Work to be completed:
Each entry that follows is to be copied exactly, minus any pictures.

Collected data:
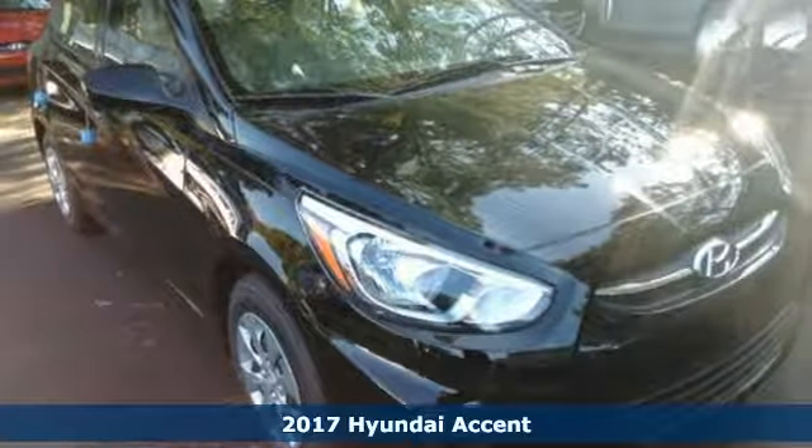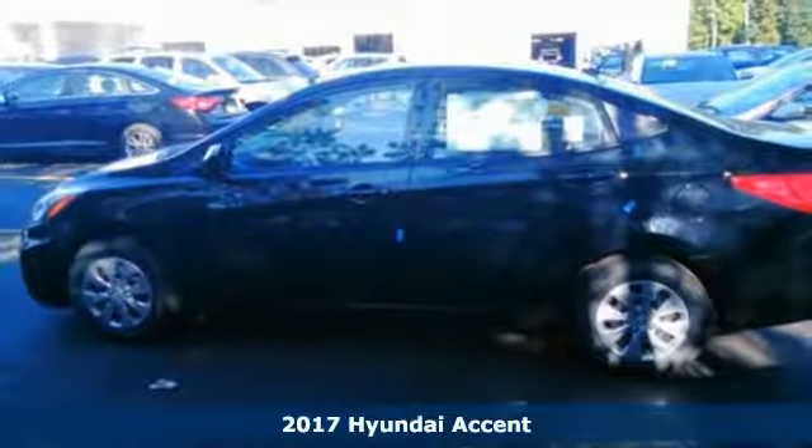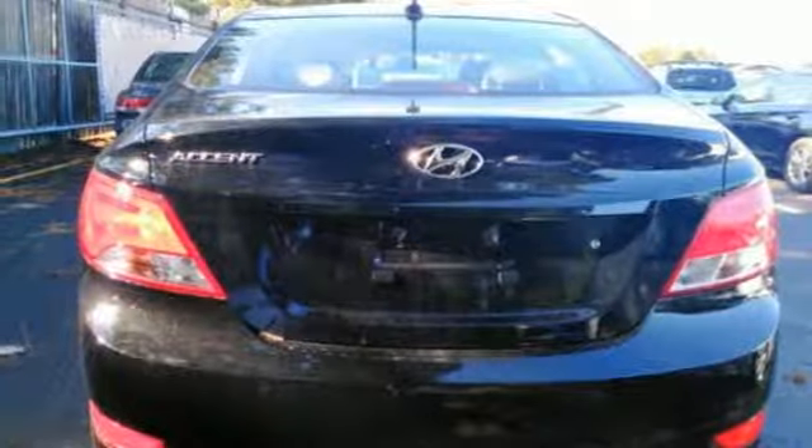Here's a 2017 Hyundai Accent. This Accent isn't an ordinary subcompact — it's one with a surprising amount of space to go along with its fuel-efficient 1.6-liter engine.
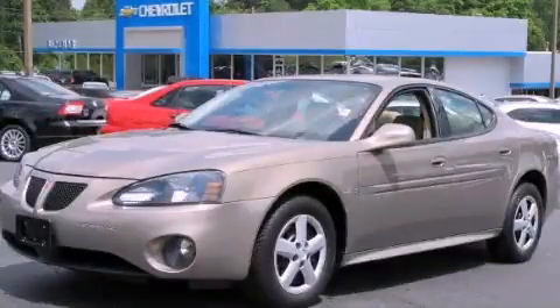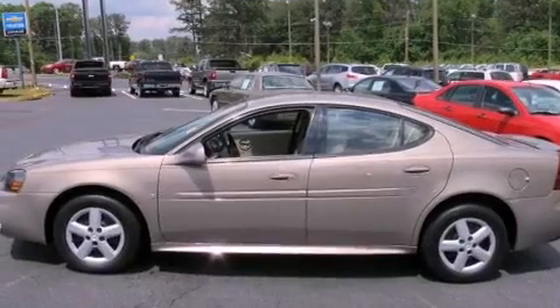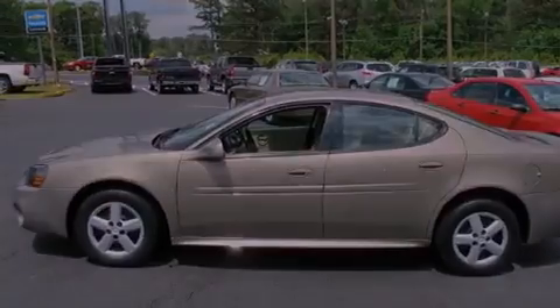This is a 2007 Pontiac Grand Prix. It has a 3.8-liter six-cylinder engine and a four-speed automatic transmission.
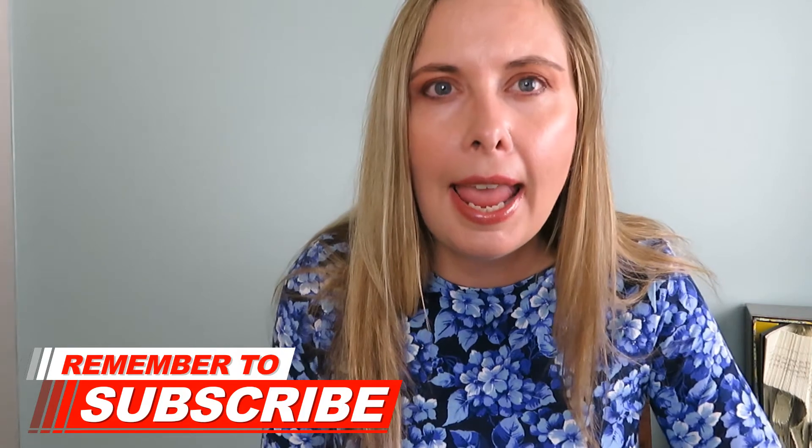Hi everybody. If you are a subscriber or a regular viewer of my channel, welcome back, and if this is your first time, welcome. If you like what you see today, please hit that thumbs up, and if you're not already a subscriber, subscribe. I talk about different credit cards and personal finance.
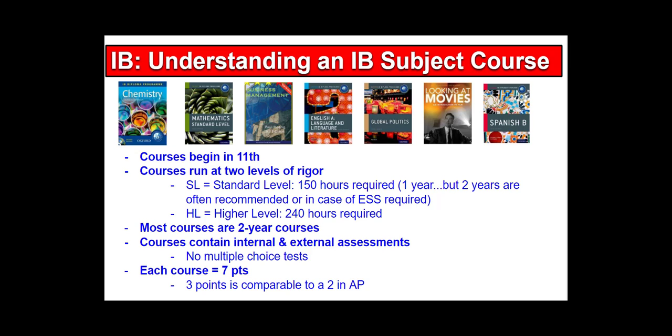Unlike other rigorous courses, the IB program has internal and external assessments embedded in the course. There are no multiple choice tests. Each course is worth seven points if you're going for the larger diploma program.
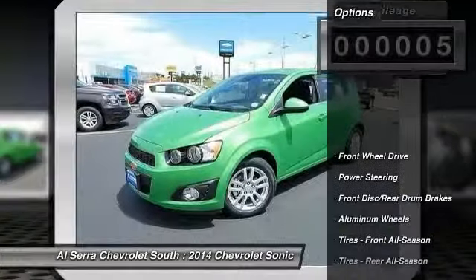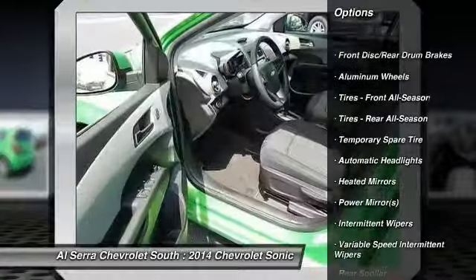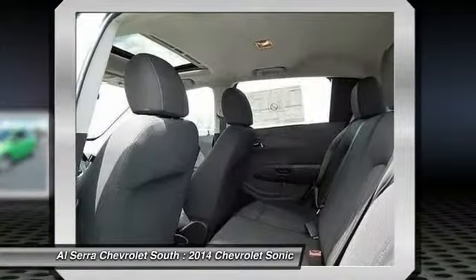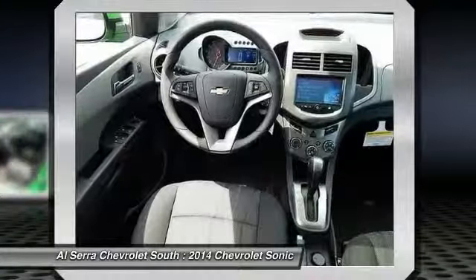Here are some of this vehicle's great options: traction control, steering wheel audio controls, anti-lock braking system, remote engine start, stability control, air conditioning, adjustable steering wheel, driver airbag, power steering, and keyless entry.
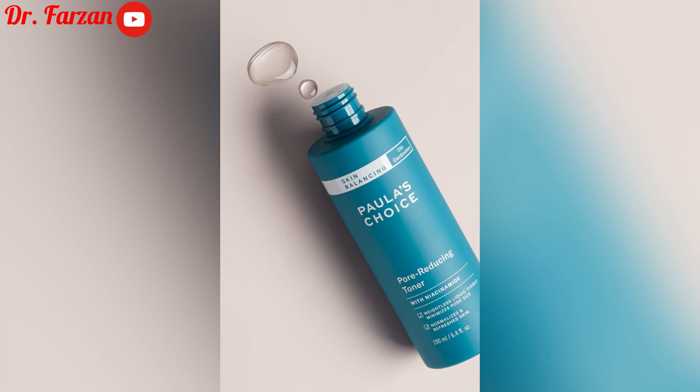The next product is Paula's Choice Pore Reducing Toner with niacinamide. Niacinamide is another ingredient that works perfectly for enlarged pores and helps to minimize pore size. Just like the previous one, you can apply it every night after washing your face with your cleanser, then apply your moisturizer. This one is good for people with combination to oily skin — as is the Glycolic Acid 7% Toning Solution.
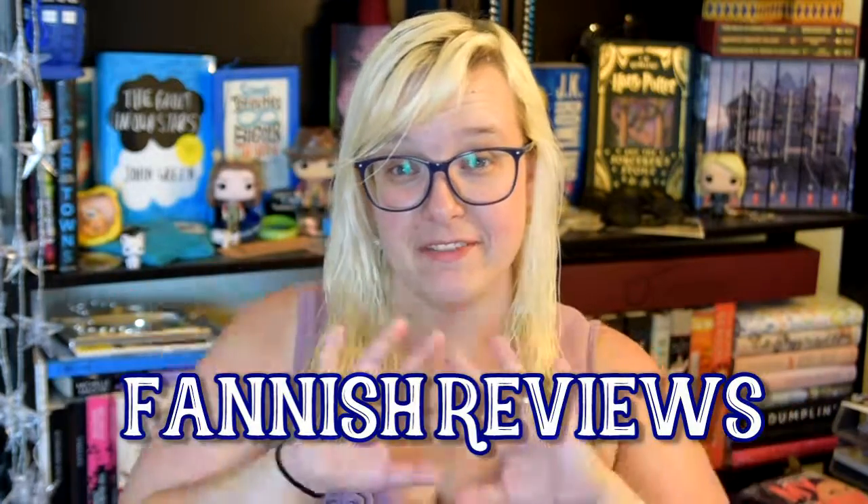Sometimes we just have to film videos when our hair is still wet. Hello, Internet! Around here I go by out of diamonds and welcome to my Fannish Reviews. As you can tell from the title, it is time to open this month's Owlcrate.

Answer box:
Here's a 2017 Hyundai Accent. This Accent isn't an ordinary subcompact — it's one with a surprising amount of space to go along with its fuel-efficient 1.6-liter engine.
This is a 2007 Pontiac Grand Prix. It has a 3.8-liter six-cylinder engine and a four-speed automatic transmission.
Hi everybody. If you are a subscriber or a regular viewer of my channel, welcome back, and if this is your first time, welcome. If you like what you see today, please hit that thumbs up, and if you're not already a subscriber, subscribe. I talk about different credit cards and personal finance.
Unlike other rigorous courses, the IB program has internal and external assessments embedded in the course. There are no multiple choice tests. Each course is worth seven points if you're going for the larger diploma program.
Here are some of this vehicle's great options: traction control, steering wheel audio controls, anti-lock braking system, remote engine start, stability control, air conditioning, adjustable steering wheel, driver airbag, power steering, and keyless entry.
The next product is Paula's Choice Pore Reducing Toner with niacinamide. Niacinamide is another ingredient that works perfectly for enlarged pores and helps to minimize pore size. Just like the previous one, you can apply it every night after washing your face with your cleanser, then apply your moisturizer. This one is good for people with combination to oily skin — as is the Glycolic Acid 7% Toning Solution.
Sometimes we just have to film videos when our hair is still wet. Hello, Internet! Around here I go by out of diamonds and welcome to my Fannish Reviews. As you can tell from the title, it is time to open this month's Owlcrate.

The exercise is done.